Hans Glück lebt als deutscher Staatsbürger in Deutschland und ist dort steuerpflichtig. Unternehmerisch ist er bisher nicht in Erscheinung getreten.

Phase 1: Umzug und Geschäftsgründung im Ausland

Hans hat eine brillante Geschäftsidee und kommt nach umfassender Recherche zu dem Schluss, dass sie sich am besten im Ausland realisieren lässt. Er gründet ein Unternehmen in einem unternehmerfreundlichen, steuergünstigen Staat und zieht selbst dorthin um.
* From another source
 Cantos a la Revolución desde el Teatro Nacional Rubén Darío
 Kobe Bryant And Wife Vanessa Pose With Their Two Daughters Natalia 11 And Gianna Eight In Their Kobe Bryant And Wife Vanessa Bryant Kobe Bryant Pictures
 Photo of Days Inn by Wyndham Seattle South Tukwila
Da Hans einen versierten Berater an seiner Seite hat, berücksichtigt er bereits die Möglichkeit einer späteren Rückkehr: Er gründet im Ausland ein Einzelunternehmen bzw. eine Personengesellschaft, und ausdrücklich keine Kapitalgesellschaft wie eine GmbH.

Phase 2: Wirtschaftlicher Erfolg im Ausland

Nomen est omen: Hans Glücks Geschäftsidee hat Erfolg. Mit seinem Unternehmen erwirtschaftet er über die folgenden vier Jahre einen durchschnittlichen Jahresgewinn von umgerechnet 100.000 €.

Phase 3: Rückkehrwunsch und professionelle Beratung

Derart etabliert, überlegt sich Hans, nach Deutschland zurückzukehren und sein Unternehmen dort weiterzuführen. Sein Berater bestätigt ihm: Die Überführung der Wirtschaftsgüter seines ausländischen Unternehmens in das neu zu gründende deutsche Unternehmen stellt eine Einlage dar, wenn es als Einzelunternehmen oder Personengesellschaft geführt wird.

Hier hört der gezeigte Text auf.